=== Exercise ===
If pictures appear among the lines below, leave them out while you return exactly the lines from the one with "Pengembangan pangan lokal" through the one with "Popcorn într-o găleată".

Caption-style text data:
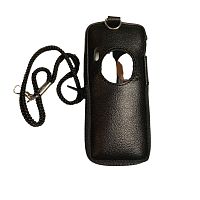 Кожаный чехол для телефона Sony Ericsson K600 "Alan-Rokas" серия "Absolut" натуральная кожа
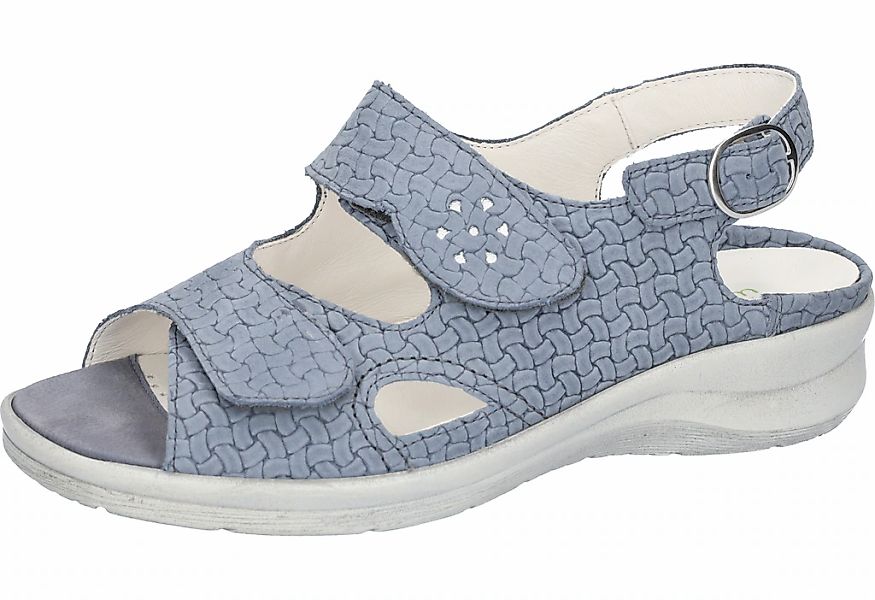 Waldläufer Sandale "MERLE" Sommerschuh mit Klett- und Druckknopfverschluss, günstig online kaufen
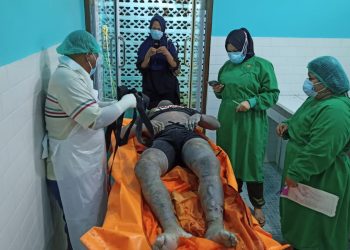 Ini Idenditas Mayat Yang Ditemukan di Sungai Indragiri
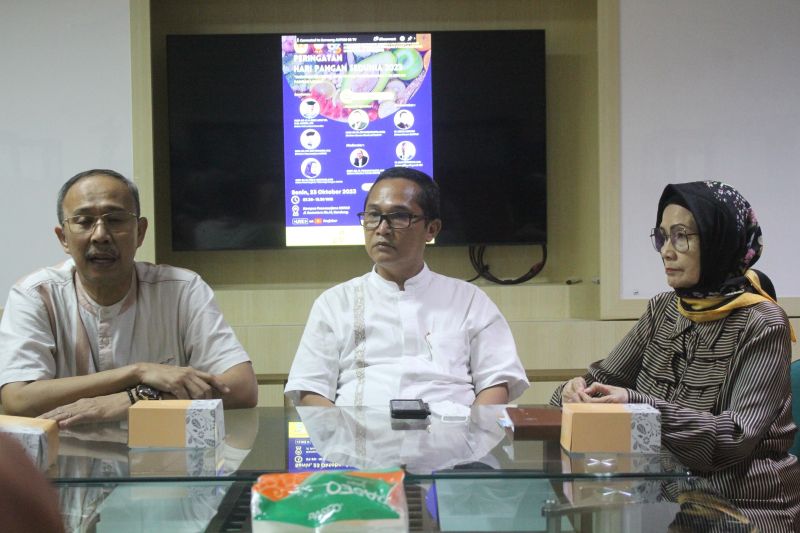 Pengembangan pangan lokal jadi tema utama Hari Pangan Sedunia 2023 Unpas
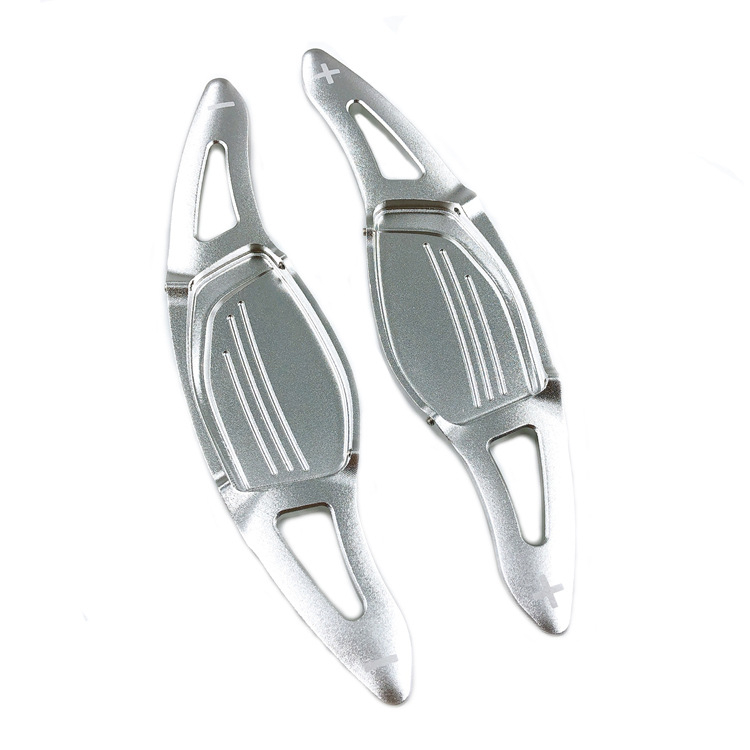 FVL poluge mjenjača od aluminijske legure za Audi R8 seriju, bez logotipa, težina 0.35 kg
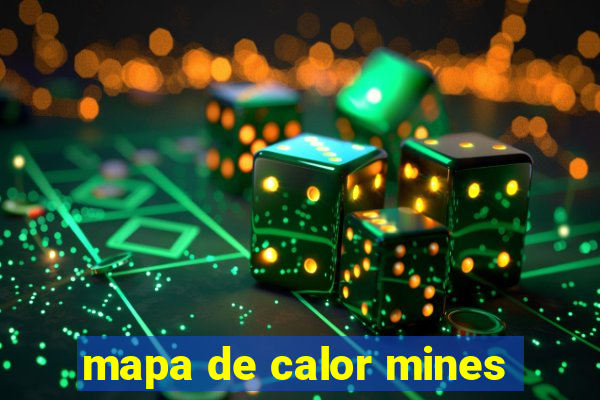 mapa de calor mines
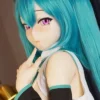 IROKEBIJIN Akane 148cm Fカップ フルシリコン 照れ顔 巨乳 コスプレ系 アニメドール
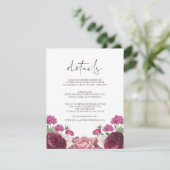 美しいフローラブルグ結婚ンディ詳細 エンクロージャーカード (スタンド正面)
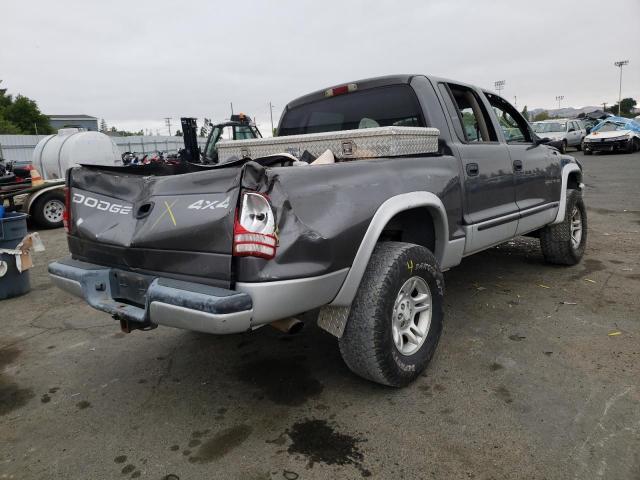 Photo 4 from auction – 2002 DODGE DAKOTA QUA with VIN 1B7HG48N02S713428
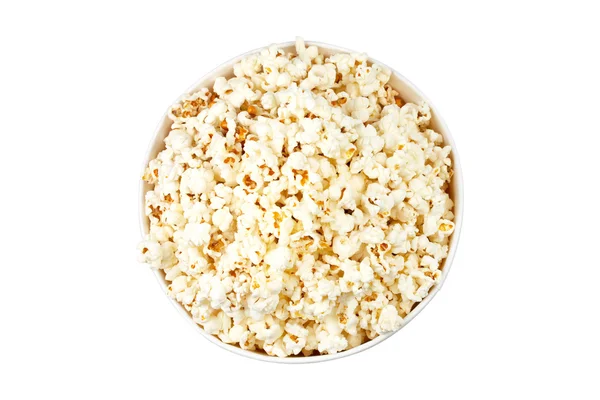 Popcorn într-o găleată — Fotografie, imagine de stoc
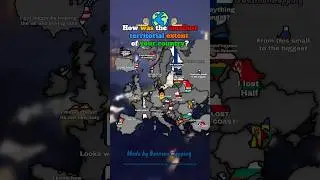 How was the smallest territorial extent of your country? 🤏  #europe #geography #mapping #countries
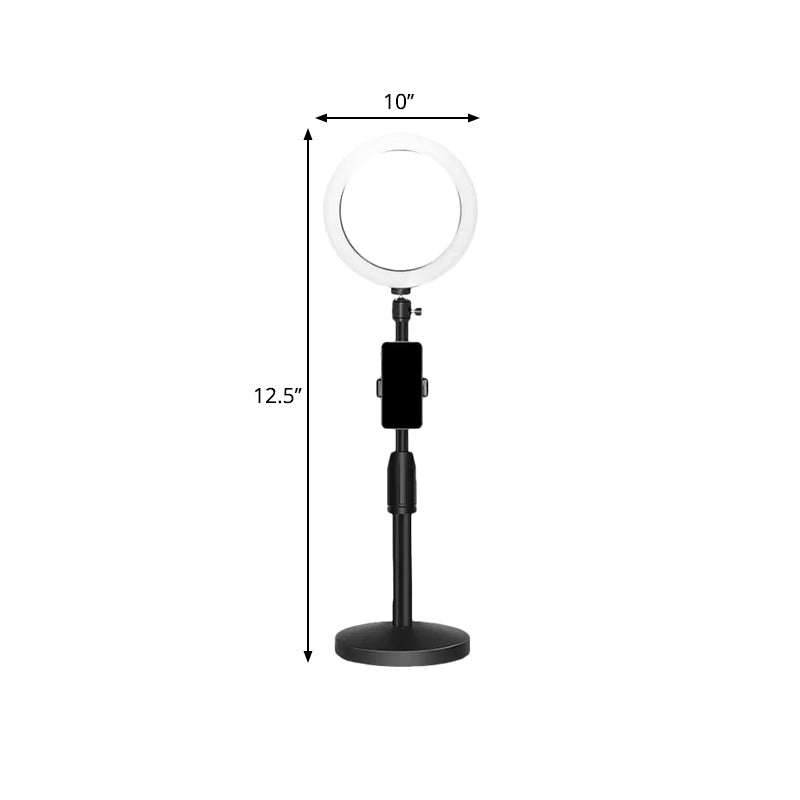 Circular LED Makeup Light with Stand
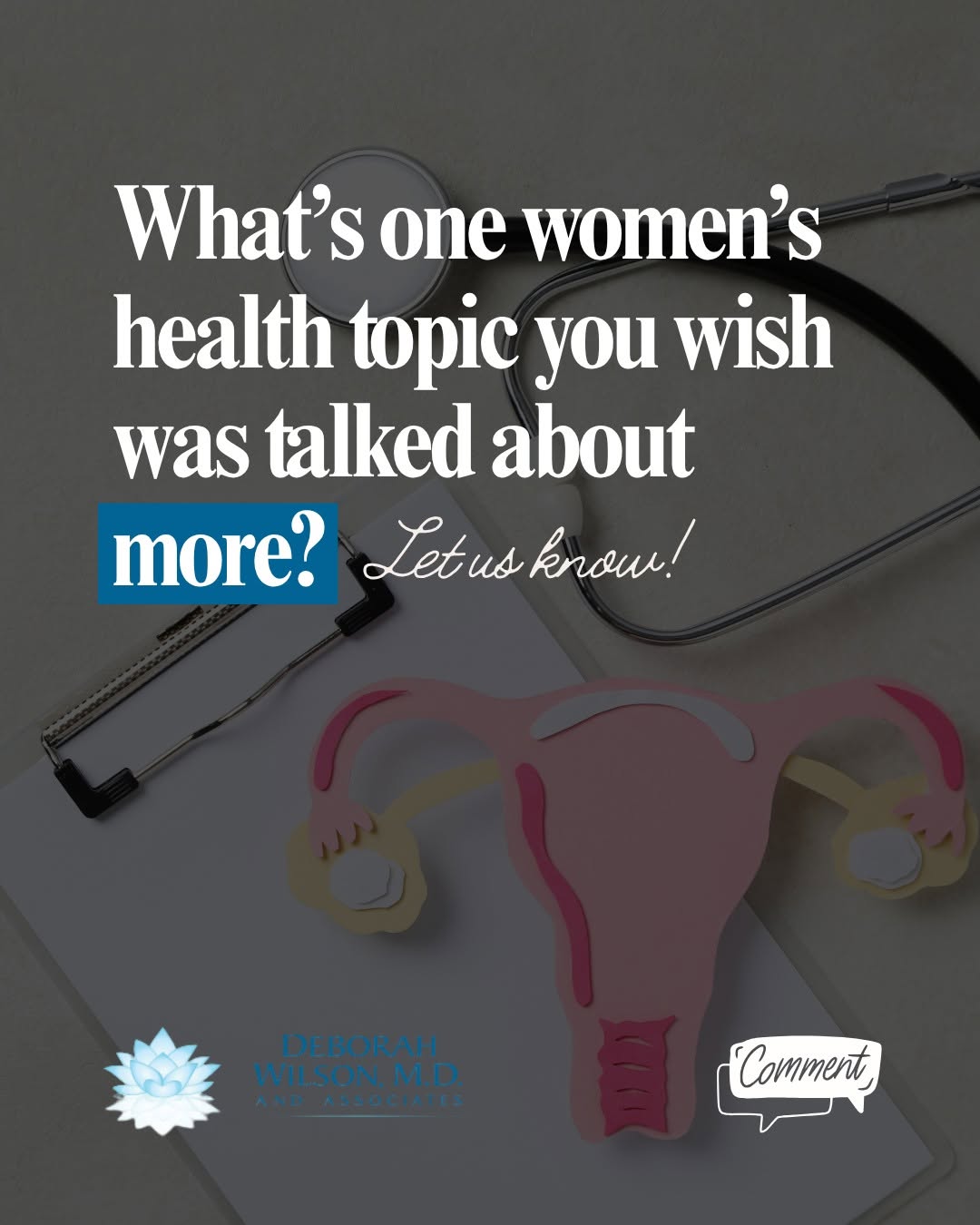 Instagram post by Dr. Deborah Wilson
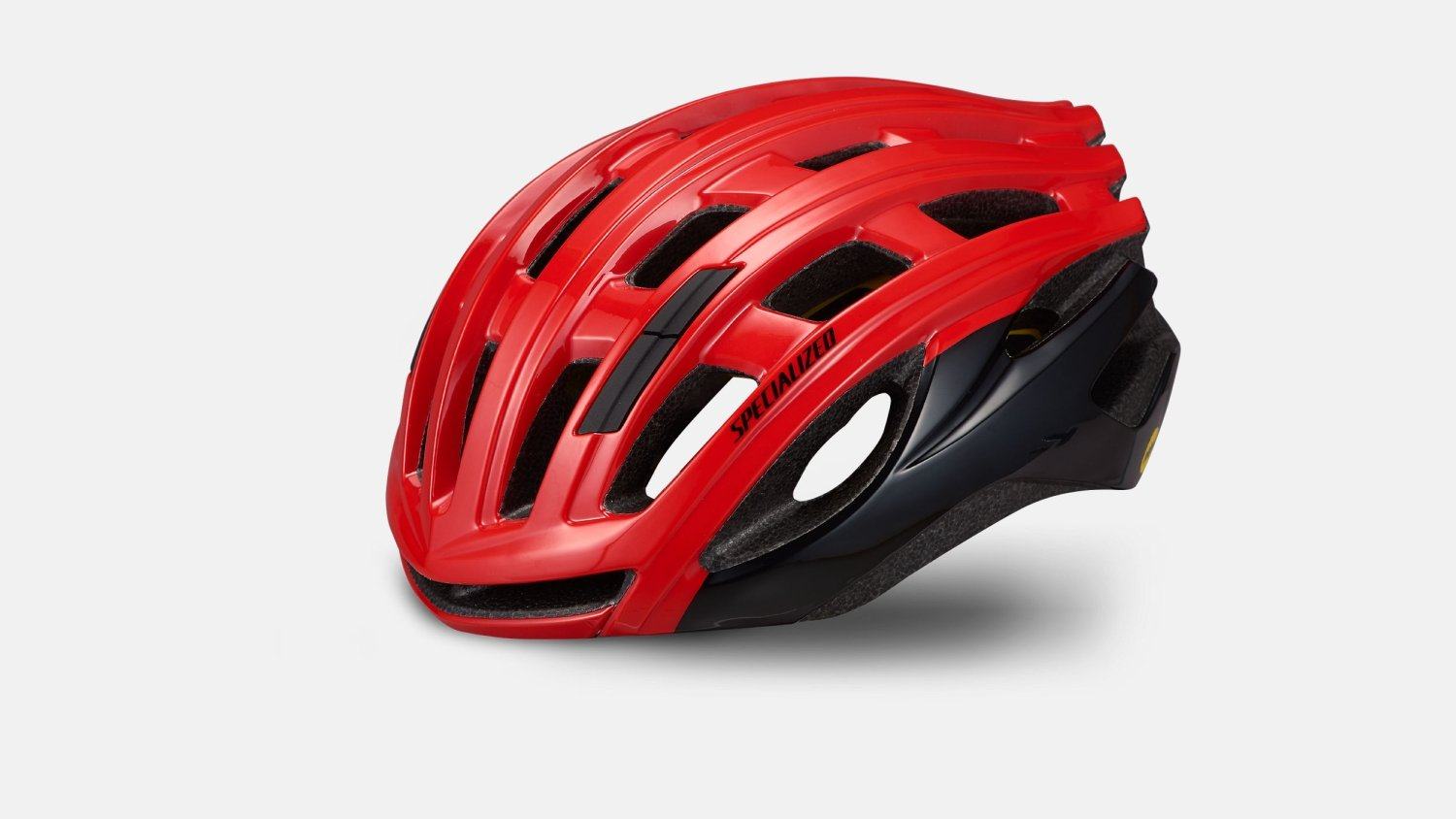 Specialized Propero 3 Helmet Angi Mips - Liquid-Life #Wähle Deine Farbe_Flo Red/Tarmac Black
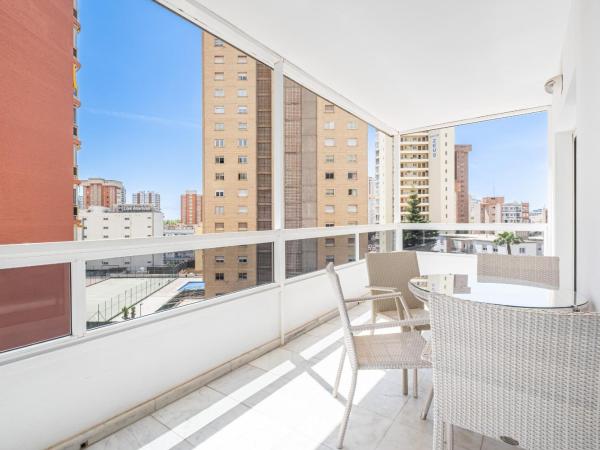 Apartamentos Les Dunes Centro Levante Beach : photo 9 de la chambre appartement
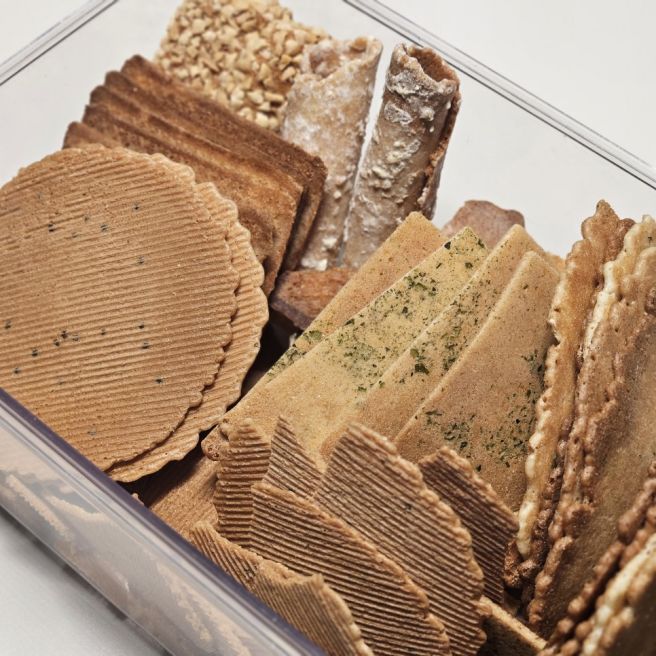 김용안 과자점 옛날 과자 센베 맛집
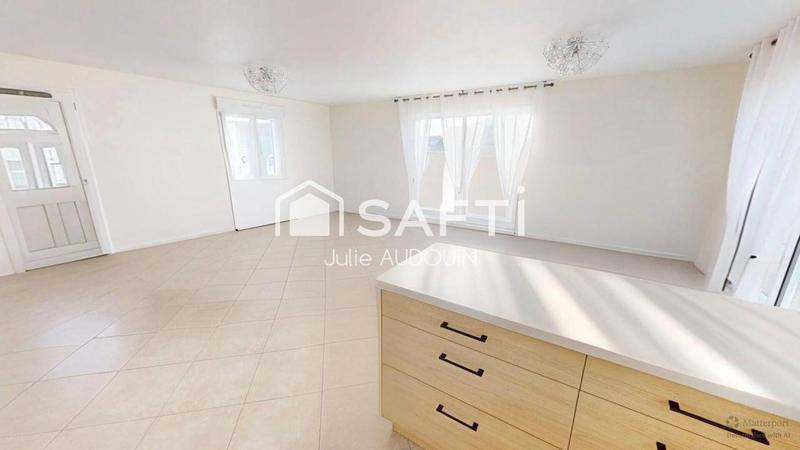 Maison - 111 m² - 4 pièces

=== The completed task ===
 Pengembangan pangan lokal jadi tema utama Hari Pangan Sedunia 2023 Unpas
 FVL poluge mjenjača od aluminijske legure za Audi R8 seriju, bez logotipa, težina 0.35 kg
 mapa de calor mines
 IROKEBIJIN Akane 148cm Fカップ フルシリコン 照れ顔 巨乳 コスプレ系 アニメドール
 美しいフローラブルグ結婚ンディ詳細 エンクロージャーカード (スタンド正面)
 Photo 4 from auction – 2002 DODGE DAKOTA QUA with VIN 1B7HG48N02S713428
 Popcorn într-o găleată — Fotografie, imagine de stoc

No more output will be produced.